Records supplied:
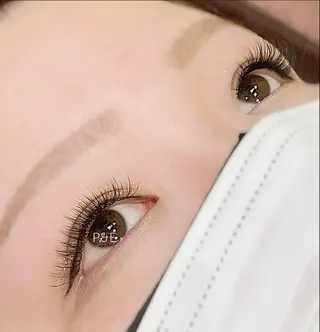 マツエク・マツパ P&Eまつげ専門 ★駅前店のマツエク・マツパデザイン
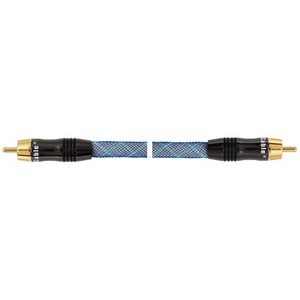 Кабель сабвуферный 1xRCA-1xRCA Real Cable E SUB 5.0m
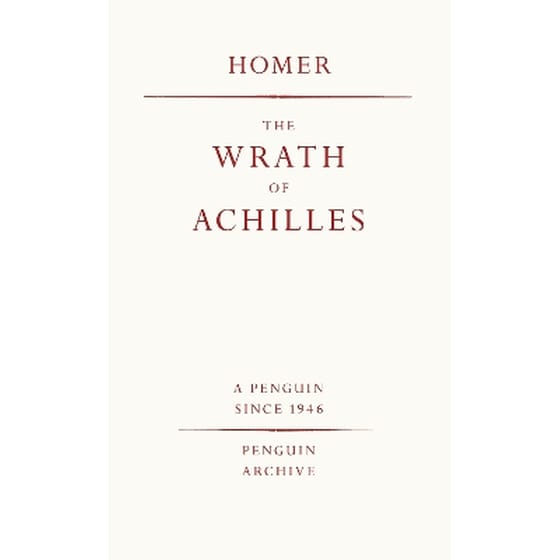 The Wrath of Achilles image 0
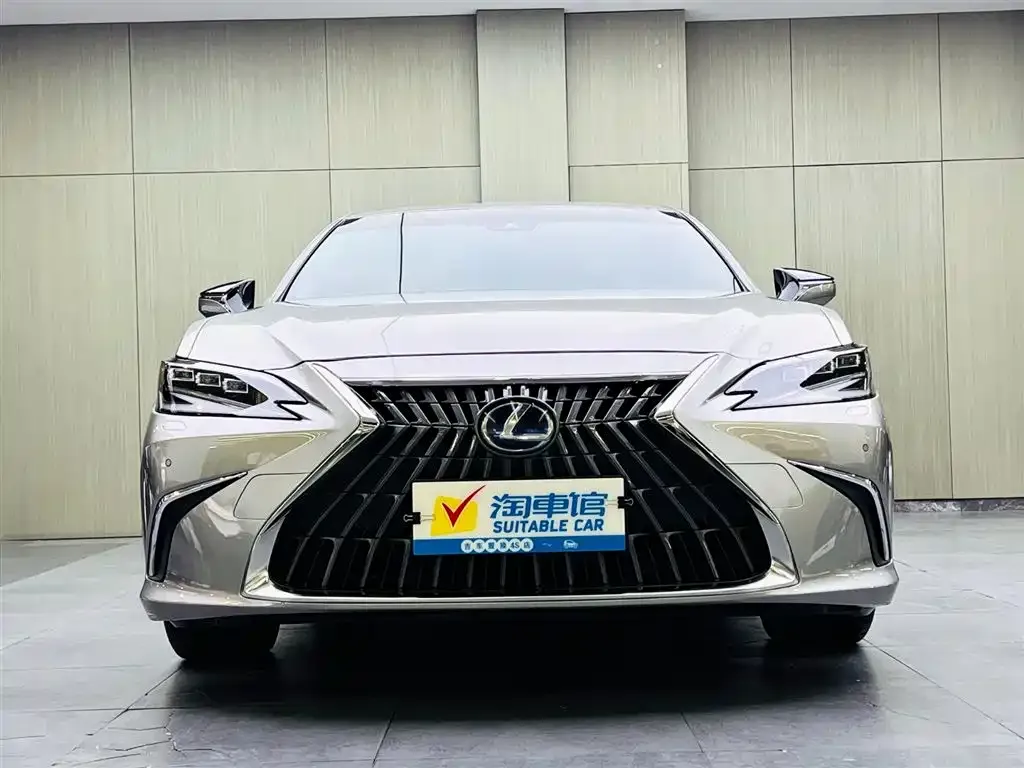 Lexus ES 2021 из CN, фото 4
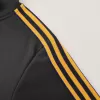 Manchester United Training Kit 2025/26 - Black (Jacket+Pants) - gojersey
---
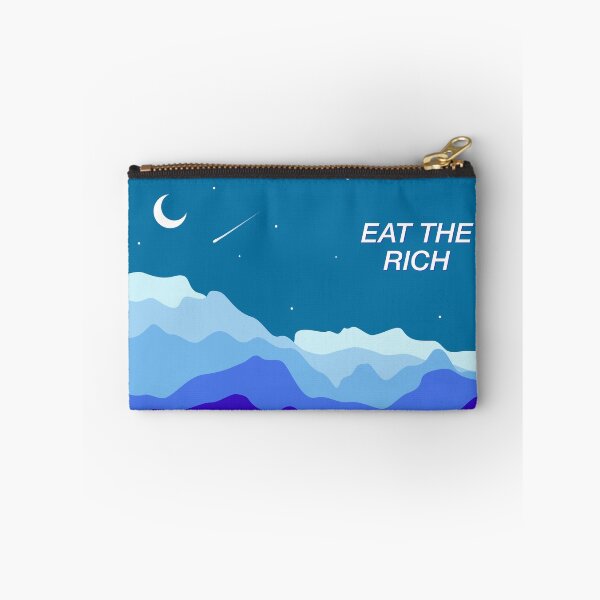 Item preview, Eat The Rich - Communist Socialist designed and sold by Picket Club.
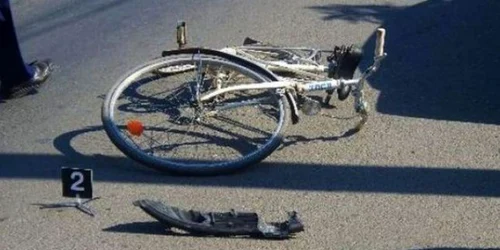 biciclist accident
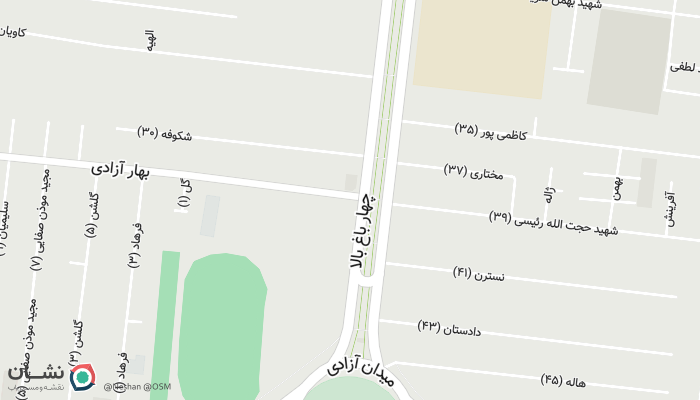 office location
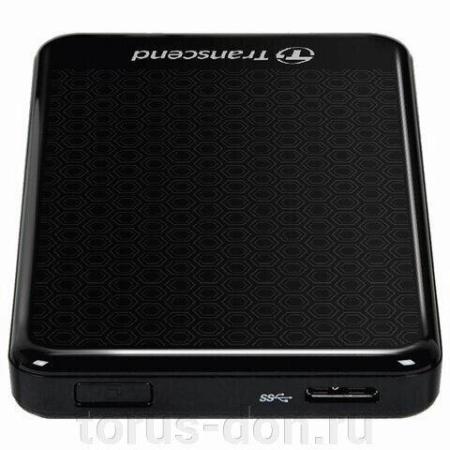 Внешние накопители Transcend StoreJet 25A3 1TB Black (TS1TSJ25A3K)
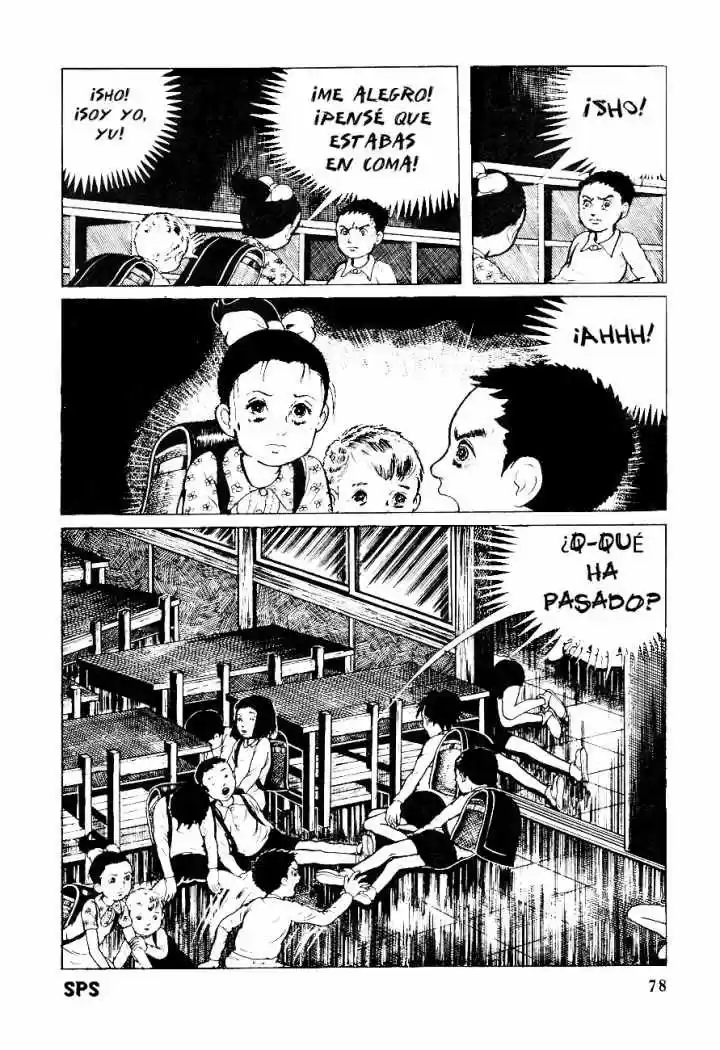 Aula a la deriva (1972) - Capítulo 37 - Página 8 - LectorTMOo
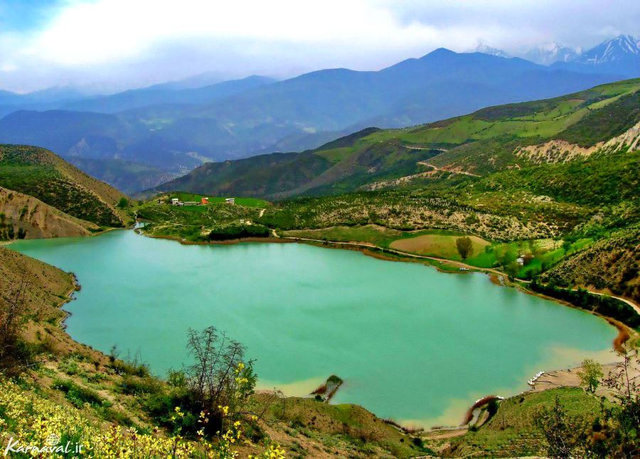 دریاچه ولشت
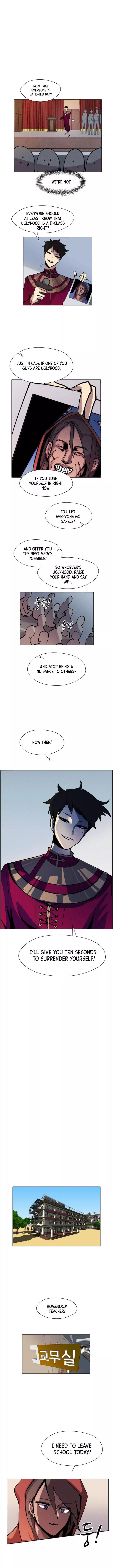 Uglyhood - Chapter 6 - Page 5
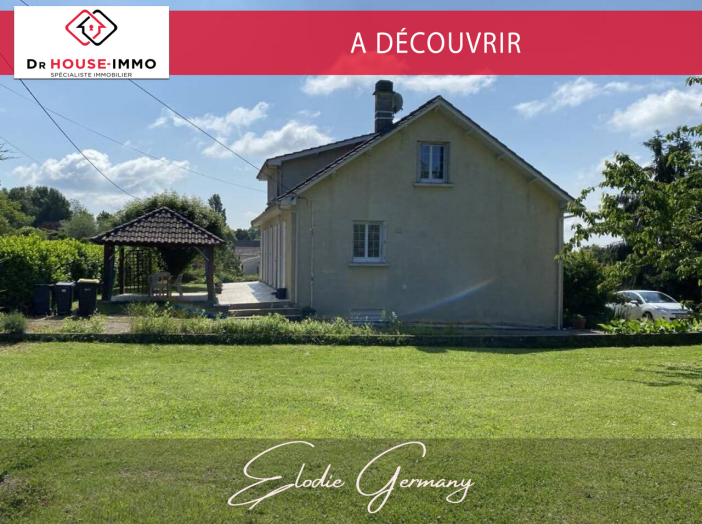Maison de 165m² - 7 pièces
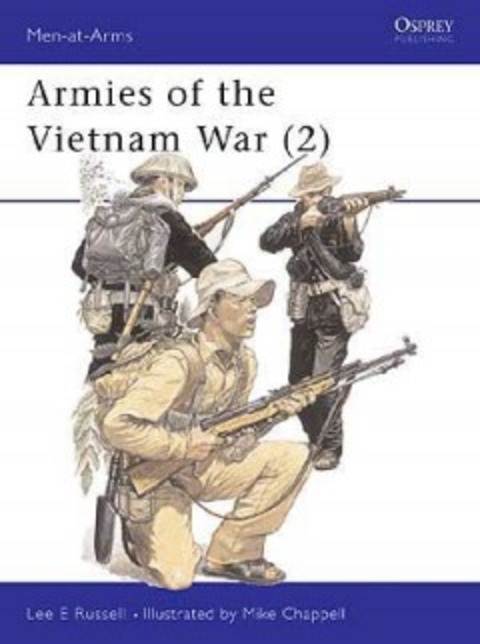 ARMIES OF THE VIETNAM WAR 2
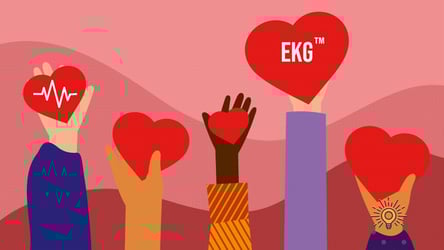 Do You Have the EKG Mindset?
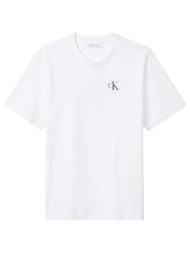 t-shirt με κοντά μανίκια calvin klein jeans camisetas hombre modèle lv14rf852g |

Requirement:
Once the line with "マツエク・マツパ P&Eまつげ専門 ★駅前店のマツエク・マツパデザイン" is found above, transcribe each line from it through the line with "Manchester United Training", exactly, and omit the pictures.

Result:
 マツエク・マツパ P&Eまつげ専門 ★駅前店のマツエク・マツパデザイン
 Кабель сабвуферный 1xRCA-1xRCA Real Cable E SUB 5.0m
 The Wrath of Achilles image 0
 Lexus ES 2021 из CN, фото 4
 Manchester United Training Kit 2025/26 - Black (Jacket+Pants) - gojersey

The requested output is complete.